(Scraped caption text data)

++++++++

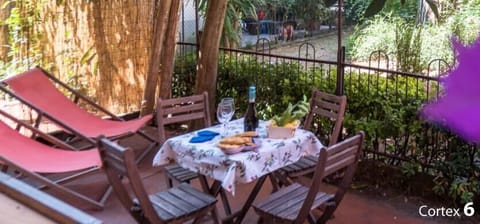 The Garden of Ada Ground Floor Studio with AC and Patio Apartment in Monterosso al Mare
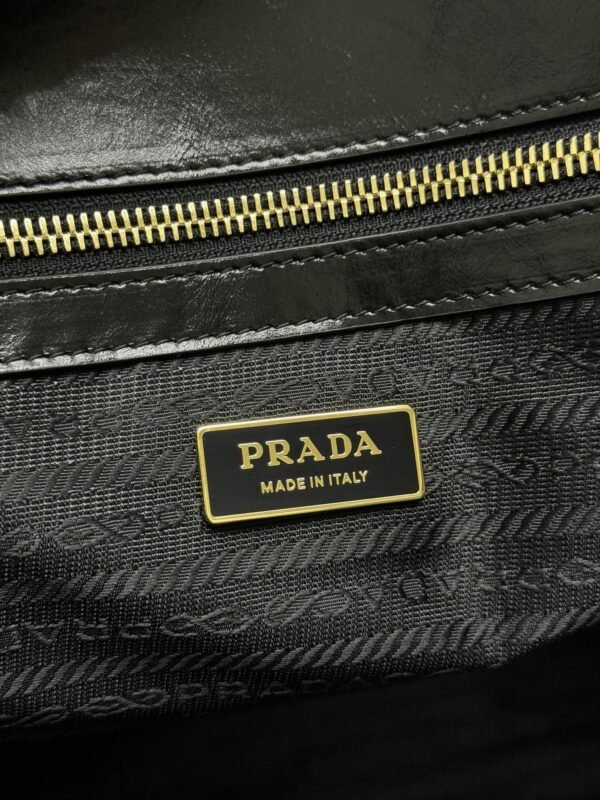 i1724264820_5797_8 Replica Prada Antique Nappa Tote Black - 图片 2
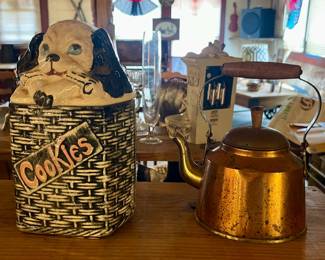 MCCOY PUPPY IN BASKET COOKIE JAR, COPPER KETTLE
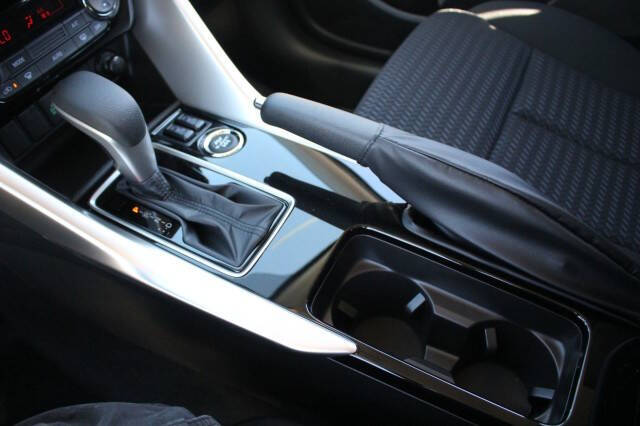 2026 Mitsubishi Eclipse Cross LE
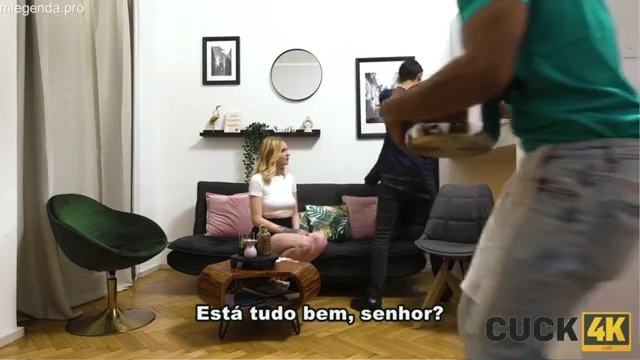 Grávida com tesão transa com amante escondido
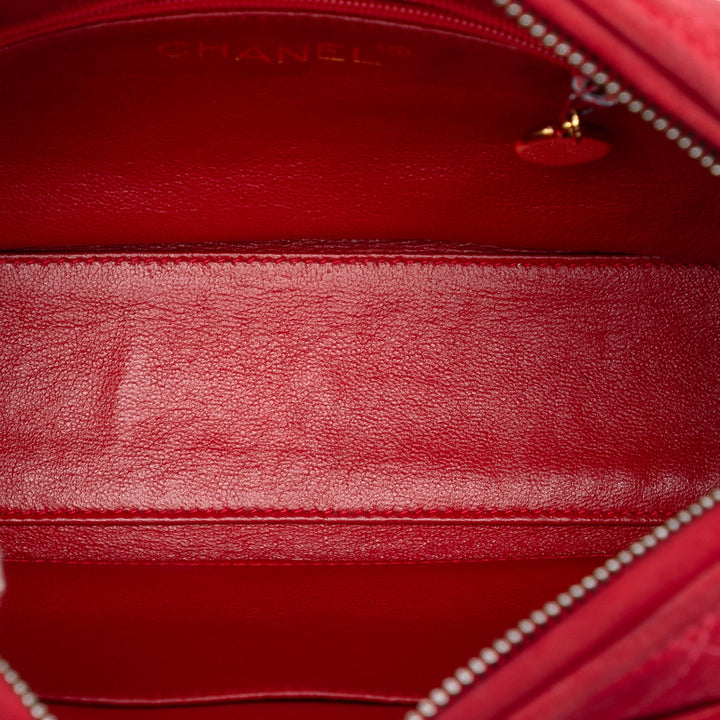 Chanel CC Matelassé Daim Pompon Diamond Sac caméra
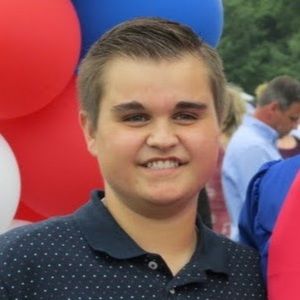 Meet your Posher, Aaron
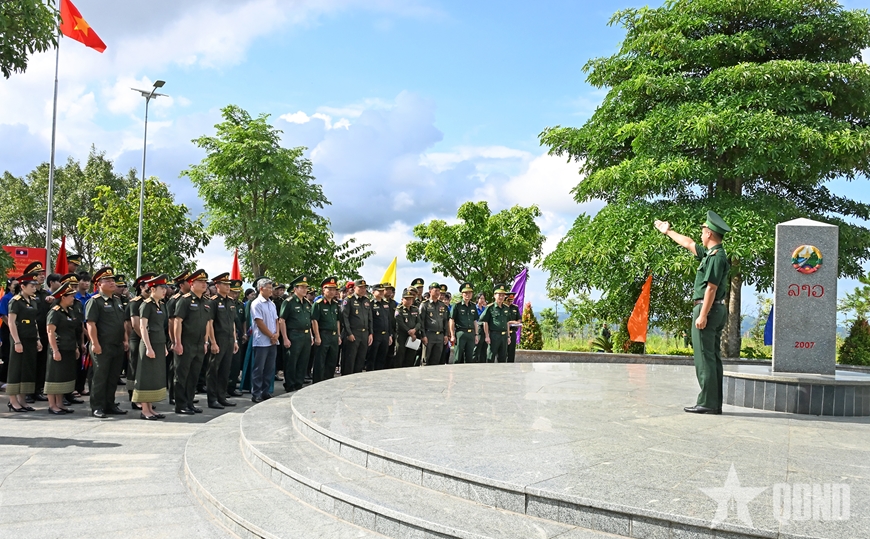 Sĩ quan trẻ ba nước Việt Nam - Lào - Campuchia tổ chức nhiều hoạt động ý nghĩa tại xã Bờ Y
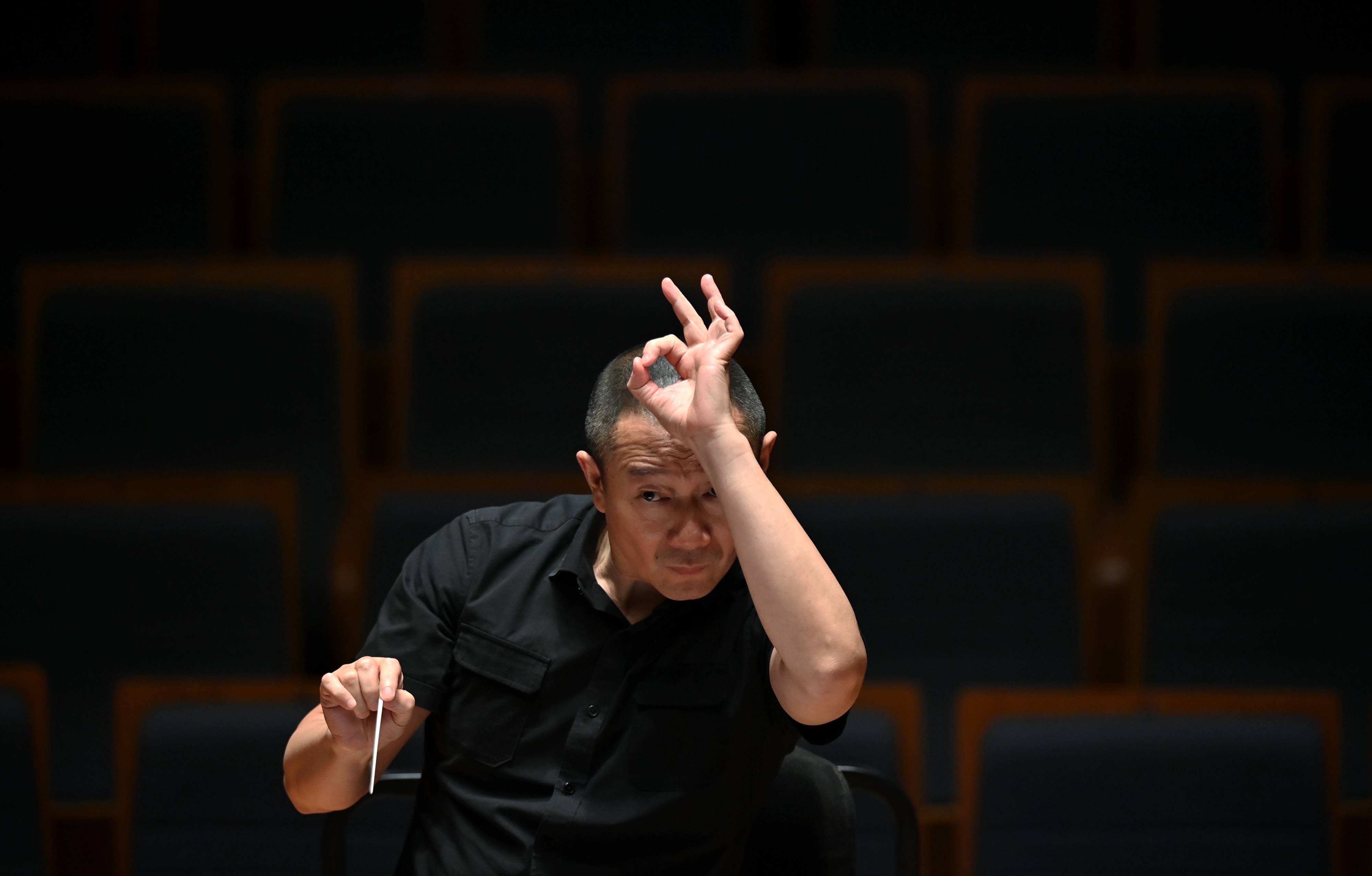 西安交响乐团荣誉艺术总监,首席客席指挥谭盾指挥西安交响乐团进行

++++++++

Your answer must be the records exactly as they stand, with no pictures in it.

 The Garden of Ada Ground Floor Studio with AC and Patio Apartment in Monterosso al Mare
 i1724264820_5797_8 Replica Prada Antique Nappa Tote Black - 图片 2
 MCCOY PUPPY IN BASKET COOKIE JAR, COPPER KETTLE
 2026 Mitsubishi Eclipse Cross LE
 Grávida com tesão transa com amante escondido
 Chanel CC Matelassé Daim Pompon Diamond Sac caméra
 Meet your Posher, Aaron
 Sĩ quan trẻ ba nước Việt Nam - Lào - Campuchia tổ chức nhiều hoạt động ý nghĩa tại xã Bờ Y
 西安交响乐团荣誉艺术总监,首席客席指挥谭盾指挥西安交响乐团进行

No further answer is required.